The following day in Freedom Park, security forces charged into a crowd of opposition supporters, beating and arresting people and dismantling a stage and tents.
Any momentum the unions and the CNRP had gathered on the streets had been crushed in 48 hours.
“The government got what they wanted,” Virak said. “They stopped the protests and it pressured the opposition to [eventually] go back to the table.”
In the year since, the labour movement has taken more blows. An immediate ban on public gatherings – since lifted – emptied the streets.
Union leaders have been charged and unions denied registration.
Business associations have publicly challenged the “fundamental” right to strike. And 23 people – unionists and rights workers – have spent months in prison over widely criticised charges relating to the January 2 and 3 protests.
While other protests increased as 2014 progressed – Khmer Krom and Boeung Kak activists have regularly demonstrated – garment workers remained relatively quiet.
According to Ministry of Labour figures released this week, strikes plunged from 418 in 2013 to 276 last year.
One argument as to why workers have stayed off the streets has been the minimum wage increase in November. Workers were granted $128, cementing a doubling of the floor wage over the course of a few years.
“But our problems have not been solved – the only thing that has changed is the minimum wage,” said Ath Thorn, president of the Coalition of Cambodian Apparel Workers Democratic Union (CCAWDU).
So why aren’t more workers striking?
Thorn said the movement has splintered. Workers have returned to striking against conditions in only their own factory, thinking less about the bigger picture.
Another factor is fear.
“The workers are still scared – but they have not abandoned their activism if it directly affects them,” Thorn said.
Moeun Tola, head of the labour program at the Cambodian Legal Education Centre, said that crackdowns and intimidation had deterred many.
“We still remember when the [unions] organised a boycott to release the 23, the soldiers were deployed at the factories,” he said.
“The deployment of the soldiers definitely intimidated workers not to go on strike.”
This rings true for Lon San, 21, one of the 23 workers and unionists arrested on January 2 and 3 and imprisoned for months.
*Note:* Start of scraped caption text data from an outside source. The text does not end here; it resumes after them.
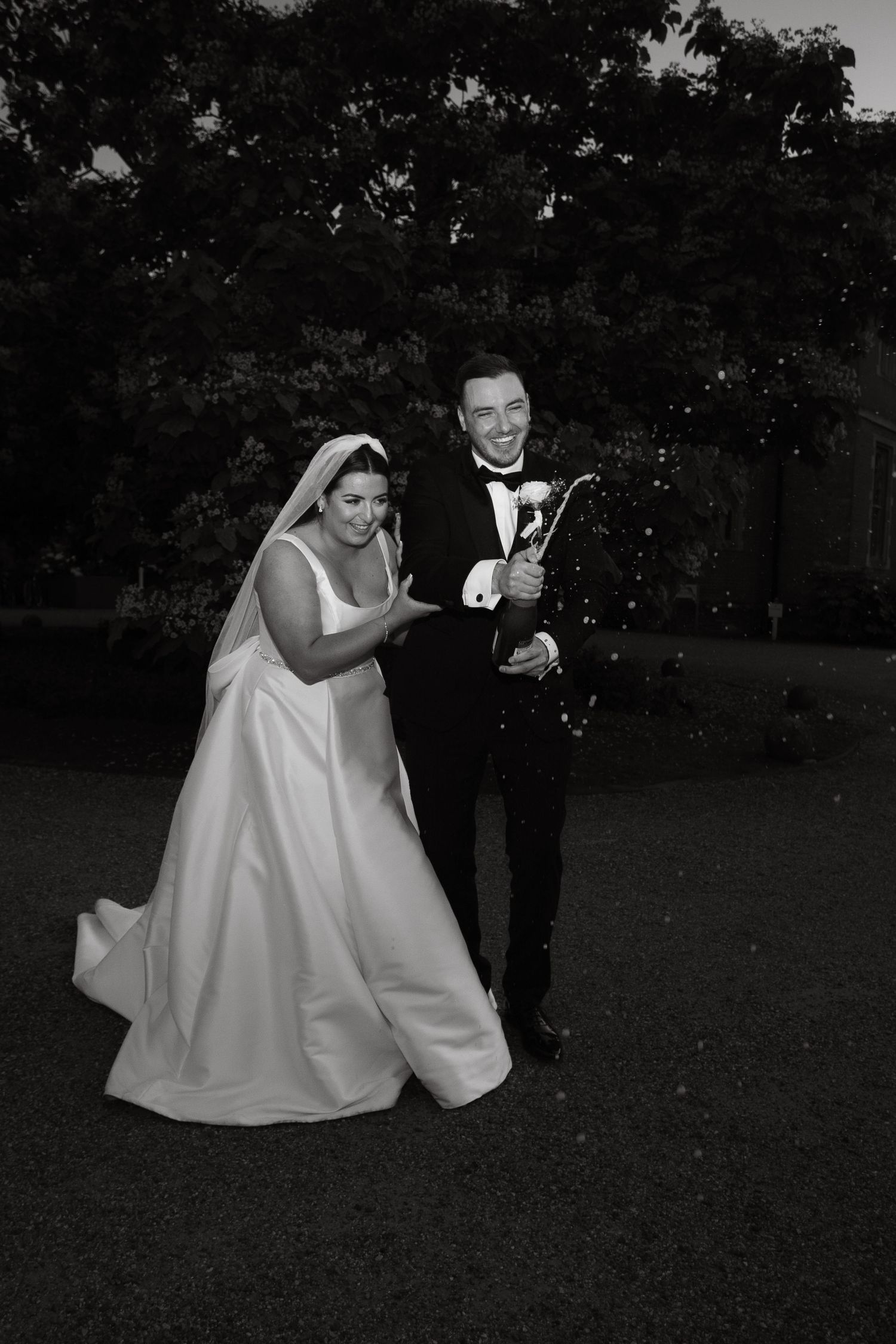 A celebratory moment with champagne in formal attire against a dark outdoor backdrop.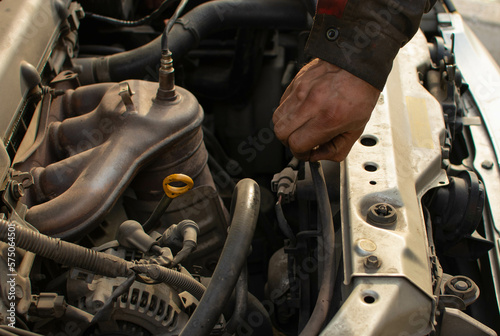 mechanic repairs car engine, hand of master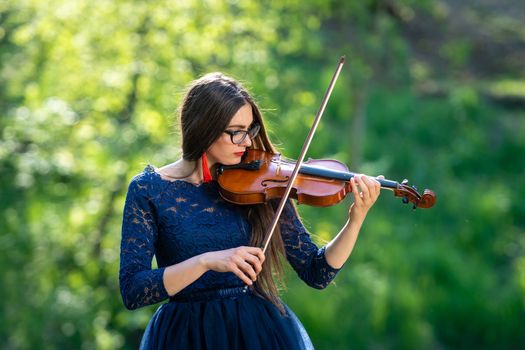 Young woman playing the violin at park. Shallow depth of field.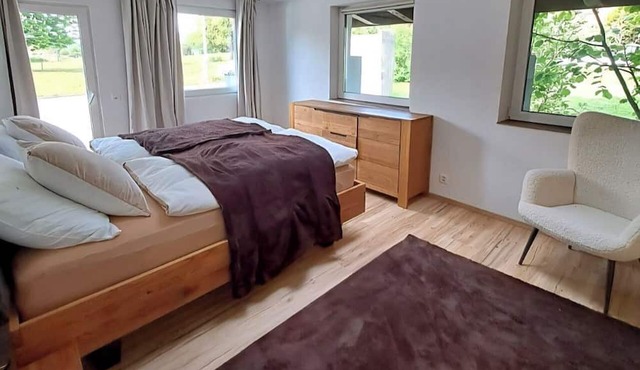 Apartment with big garden, two firepits and 5 minutes from the lake in Courtepin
“I’m still afraid there will be more crackdowns. What happened to us was so cruel – I’ve not seen anything like it before. I will not protest anymore.”
Yang Sophorn, president of the Cambodian Alliance of Trade Unions (CATU), said the minimum wage increase in November had appeased many workers for the time being.
But the memories of last year still play a significant part in keeping the streets quiet.
“[They] learned a bad lesson when workers were killed and injured early last year,” she said.
Dave Welsh, country director for labour-rights group Solidarity Center, said conditions remained for renewed strikes.
“[T]here has been complete impunity, zero arrests, no investigation, absolutely no compensation [for victims and their families] and 23 people with convictions,” he said.

The government, he added, had initially tried to shut unions out of negotiations altogether and still ended up offering less than a “living wage”.
“We’re still in a situation where workers, unless they do large amounts of overtime, cannot survive on the minimum wage.”
Amid that, Welsh continued, “you still have lawsuits against literally every independent union leader in the country”.
“I don’t think workers are overjoyed,” he said. “Expectations for more increases are legitimately very high. We’ll see what the consequences of that are.”
Cause and effect
A year after his son Khim Saphath, then 16, was last seen nursing a bloody chest wound on Veng Sreng Boulevard, his father Khim Soeun, 41, continues to wait in hope that he will one day return to the family home.
“One year has passed already, and I have not heard any information about where my son is,” he said. “I will not stop searching for him, though sometimes I fear he is no longer alive.”
Saphath’s sister, 21, continues to work at a factory on Veng Sreng Boulevard, where heavily armed security forces opened fire on her brother.
“I often call her to make sure she is OK and urge her not to join any protest,” Soeun said.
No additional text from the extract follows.